Colombia and Venezuela Send Troops to the Border
The tense standoff between Colombia and Venezuela continues to escalate, as Colombia charges Hugo Chavez with facilitating genocide by funding the FARC terror group, and also says they have evidence that FARC was trying to make a radioactive “dirty” bomb.
GENEVA (Reuters) - Colombia said on Tuesday that FARC rebels had been planning to make a “dirty bomb” with radioactive material, threatening the entire Latin American region.
The charges by Vice-President Francisco Santos, at the United Nations-sponsored Conference on Disarmament, marked a dramatic turn in a regional crisis that has seen Venezuela and Ecuador cut diplomatic ties with Colombia.
Bogota has already accused Venezuelan President Hugo Chavez of funding the Revolutionary Armed Forces of Colombia (FARC) guerrillas, after Colombian forces crossed into Ecuador and killed a senior rebel commander on Saturday, sparking troop movements and warnings of war.
“Just yesterday (Monday) our national police submitted an initial report regarding the content of two computers found with Raul Reyes, second in command of FARC, who was killed last Saturday,” Santos said.

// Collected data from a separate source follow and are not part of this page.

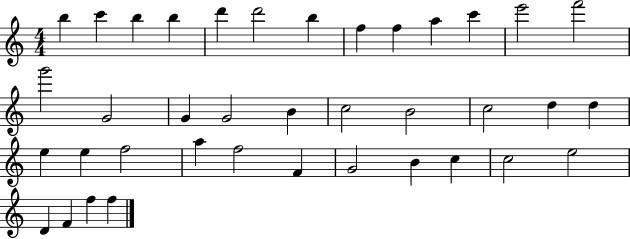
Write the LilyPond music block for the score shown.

{
  \clef treble
  \numericTimeSignature
  \time 4/4
  \key c \major
  b''4 c'''4 b''4 b''4 | d'''4 d'''2 b''4 | f''4 f''4 a''4 c'''4 | e'''2 f'''2 | \break g'''2 g'2 | g'4 g'2 b'4 | c''2 b'2 | c''2 d''4 d''4 | \break e''4 e''4 f''2 | a''4 f''2 f'4 | g'2 b'4 c''4 | c''2 e''2 | \break d'4 f'4 f''4 f''4 | \bar "|."
}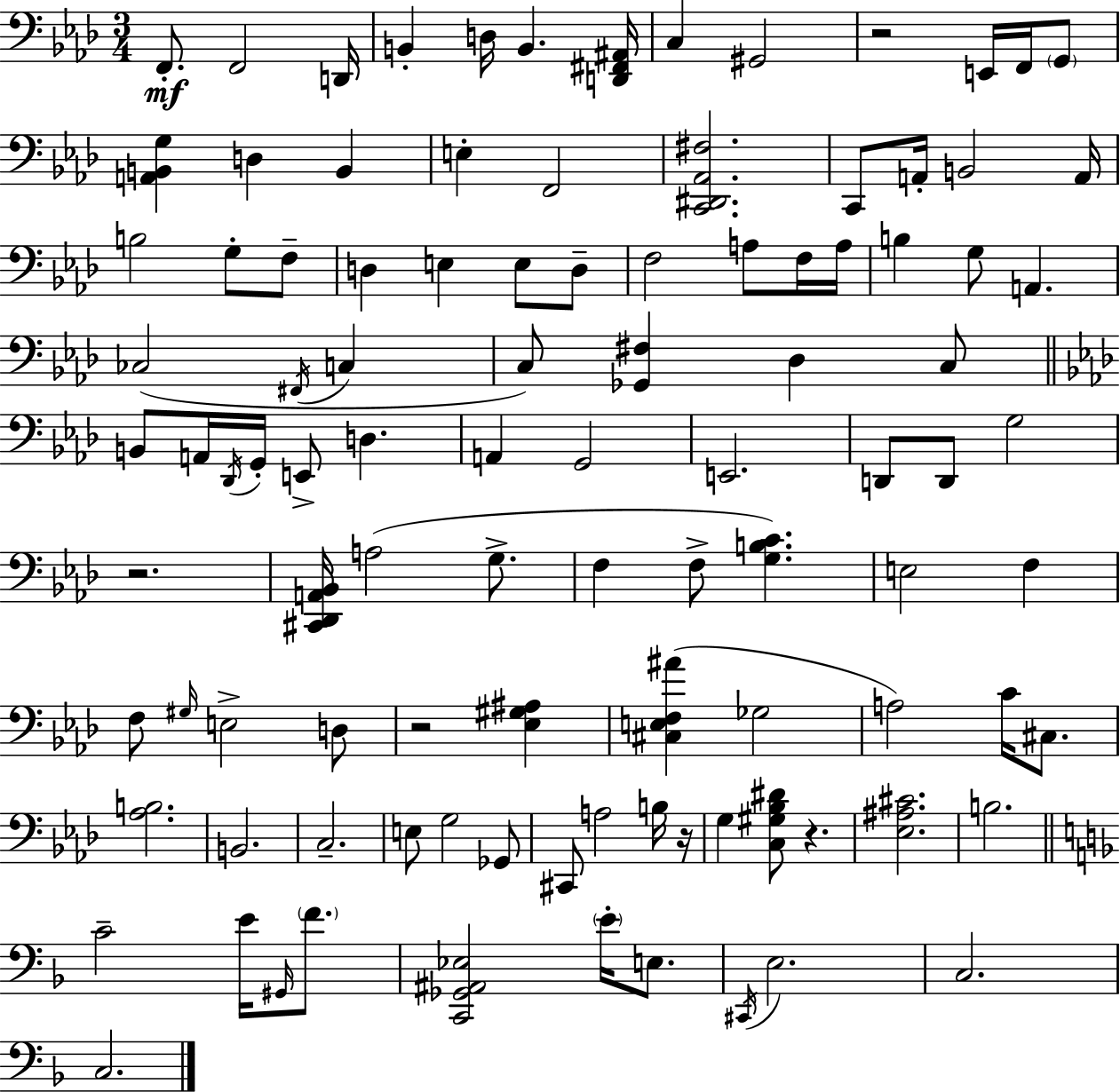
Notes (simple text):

F2/e. F2/h D2/s B2/q D3/s B2/q. [D2,F#2,A#2]/s C3/q G#2/h R/h E2/s F2/s G2/e [A2,B2,G3]/q D3/q B2/q E3/q F2/h [C2,D#2,Ab2,F#3]/h. C2/e A2/s B2/h A2/s B3/h G3/e F3/e D3/q E3/q E3/e D3/e F3/h A3/e F3/s A3/s B3/q G3/e A2/q. CES3/h F#2/s C3/q C3/e [Gb2,F#3]/q Db3/q C3/e B2/e A2/s Db2/s G2/s E2/e D3/q. A2/q G2/h E2/h. D2/e D2/e G3/h R/h. [C#2,Db2,A2,Bb2]/s A3/h G3/e. F3/q F3/e [G3,B3,C4]/q. E3/h F3/q F3/e G#3/s E3/h D3/e R/h [Eb3,G#3,A#3]/q [C#3,E3,F3,A#4]/q Gb3/h A3/h C4/s C#3/e. [Ab3,B3]/h. B2/h. C3/h. E3/e G3/h Gb2/e C#2/e A3/h B3/s R/s G3/q [C3,G#3,Bb3,D#4]/e R/q. [Eb3,A#3,C#4]/h. B3/h. C4/h E4/s G#2/s F4/e. [C2,Gb2,A#2,Eb3]/h E4/s E3/e. C#2/s E3/h. C3/h. C3/h.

They contained “information from one commander to another indicating that FARC was apparently negotiating for radioactive material, the primary basis for generating dirty weapons of mass destruction and terrorism,” he added.
Initial information verified with international support showed “terrorist groups, based on the economic power of drug trafficking, constitute a serious threat not to just our country but to the entire Andean and Latin American region,” he said.
And now, Venezuela, Colombia, and Ecuador have all sent troops to the border.